(What you need to do) Until you reach the line containing "Ein schwarzes Smartphone", reproduce each line of the listing exactly, please, and include that line as well.

(Records for this exercise)

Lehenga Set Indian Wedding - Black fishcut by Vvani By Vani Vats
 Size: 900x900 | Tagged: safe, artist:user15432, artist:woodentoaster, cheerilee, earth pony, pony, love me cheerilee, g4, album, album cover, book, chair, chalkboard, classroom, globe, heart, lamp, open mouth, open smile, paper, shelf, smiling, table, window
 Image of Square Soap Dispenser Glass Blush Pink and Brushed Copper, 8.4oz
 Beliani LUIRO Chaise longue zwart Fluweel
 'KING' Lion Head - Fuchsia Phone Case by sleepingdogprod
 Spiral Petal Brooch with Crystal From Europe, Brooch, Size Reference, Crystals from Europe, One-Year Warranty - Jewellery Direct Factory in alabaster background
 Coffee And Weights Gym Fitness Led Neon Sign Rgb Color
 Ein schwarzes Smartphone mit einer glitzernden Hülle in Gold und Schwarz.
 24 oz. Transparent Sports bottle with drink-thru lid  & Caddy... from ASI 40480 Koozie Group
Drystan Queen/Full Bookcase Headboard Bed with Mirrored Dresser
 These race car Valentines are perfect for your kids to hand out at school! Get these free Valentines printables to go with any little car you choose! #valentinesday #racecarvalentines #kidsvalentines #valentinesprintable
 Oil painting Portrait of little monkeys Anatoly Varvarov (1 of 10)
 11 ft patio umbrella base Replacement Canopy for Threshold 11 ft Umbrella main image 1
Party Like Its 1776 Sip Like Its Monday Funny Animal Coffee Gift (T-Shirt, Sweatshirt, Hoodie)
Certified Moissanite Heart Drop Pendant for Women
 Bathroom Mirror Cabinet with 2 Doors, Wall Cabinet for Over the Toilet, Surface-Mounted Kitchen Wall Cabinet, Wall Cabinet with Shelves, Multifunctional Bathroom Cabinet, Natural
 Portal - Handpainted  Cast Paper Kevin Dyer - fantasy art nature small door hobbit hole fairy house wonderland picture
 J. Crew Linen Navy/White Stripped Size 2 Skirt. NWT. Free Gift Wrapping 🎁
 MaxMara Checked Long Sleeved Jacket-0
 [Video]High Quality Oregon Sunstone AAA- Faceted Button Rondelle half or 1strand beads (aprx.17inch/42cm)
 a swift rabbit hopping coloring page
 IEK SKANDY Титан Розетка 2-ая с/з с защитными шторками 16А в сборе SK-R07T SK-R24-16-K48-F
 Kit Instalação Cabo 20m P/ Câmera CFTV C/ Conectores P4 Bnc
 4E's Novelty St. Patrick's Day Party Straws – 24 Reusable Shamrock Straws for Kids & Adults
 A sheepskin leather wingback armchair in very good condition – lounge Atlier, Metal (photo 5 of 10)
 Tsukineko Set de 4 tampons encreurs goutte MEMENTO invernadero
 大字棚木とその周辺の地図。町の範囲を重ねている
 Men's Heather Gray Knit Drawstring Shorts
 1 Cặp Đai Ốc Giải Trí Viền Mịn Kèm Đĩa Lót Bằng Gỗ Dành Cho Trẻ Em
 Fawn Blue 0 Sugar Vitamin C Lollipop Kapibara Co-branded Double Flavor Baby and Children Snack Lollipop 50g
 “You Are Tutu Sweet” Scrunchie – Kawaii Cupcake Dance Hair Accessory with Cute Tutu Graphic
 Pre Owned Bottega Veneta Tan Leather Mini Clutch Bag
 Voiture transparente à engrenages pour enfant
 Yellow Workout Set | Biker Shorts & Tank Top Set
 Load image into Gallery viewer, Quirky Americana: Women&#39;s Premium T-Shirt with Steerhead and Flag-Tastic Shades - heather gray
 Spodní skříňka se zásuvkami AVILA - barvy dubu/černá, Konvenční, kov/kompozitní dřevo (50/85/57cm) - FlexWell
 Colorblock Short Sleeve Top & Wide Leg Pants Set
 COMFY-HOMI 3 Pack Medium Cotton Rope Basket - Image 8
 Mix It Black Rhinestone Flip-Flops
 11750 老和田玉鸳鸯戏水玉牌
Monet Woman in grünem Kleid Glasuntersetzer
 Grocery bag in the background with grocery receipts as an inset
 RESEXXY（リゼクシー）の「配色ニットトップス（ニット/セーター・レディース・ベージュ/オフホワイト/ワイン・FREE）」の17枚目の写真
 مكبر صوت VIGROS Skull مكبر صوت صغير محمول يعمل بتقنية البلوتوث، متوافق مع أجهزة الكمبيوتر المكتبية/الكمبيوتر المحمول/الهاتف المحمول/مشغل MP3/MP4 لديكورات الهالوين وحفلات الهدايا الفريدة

(Response below)
Lehenga Set Indian Wedding - Black fishcut by Vvani By Vani Vats
 Size: 900x900 | Tagged: safe, artist:user15432, artist:woodentoaster, cheerilee, earth pony, pony, love me cheerilee, g4, album, album cover, book, chair, chalkboard, classroom, globe, heart, lamp, open mouth, open smile, paper, shelf, smiling, table, window
 Image of Square Soap Dispenser Glass Blush Pink and Brushed Copper, 8.4oz
 Beliani LUIRO Chaise longue zwart Fluweel
 'KING' Lion Head - Fuchsia Phone Case by sleepingdogprod
 Spiral Petal Brooch with Crystal From Europe, Brooch, Size Reference, Crystals from Europe, One-Year Warranty - Jewellery Direct Factory in alabaster background
 Coffee And Weights Gym Fitness Led Neon Sign Rgb Color
 Ein schwarzes Smartphone mit einer glitzernden Hülle in Gold und Schwarz.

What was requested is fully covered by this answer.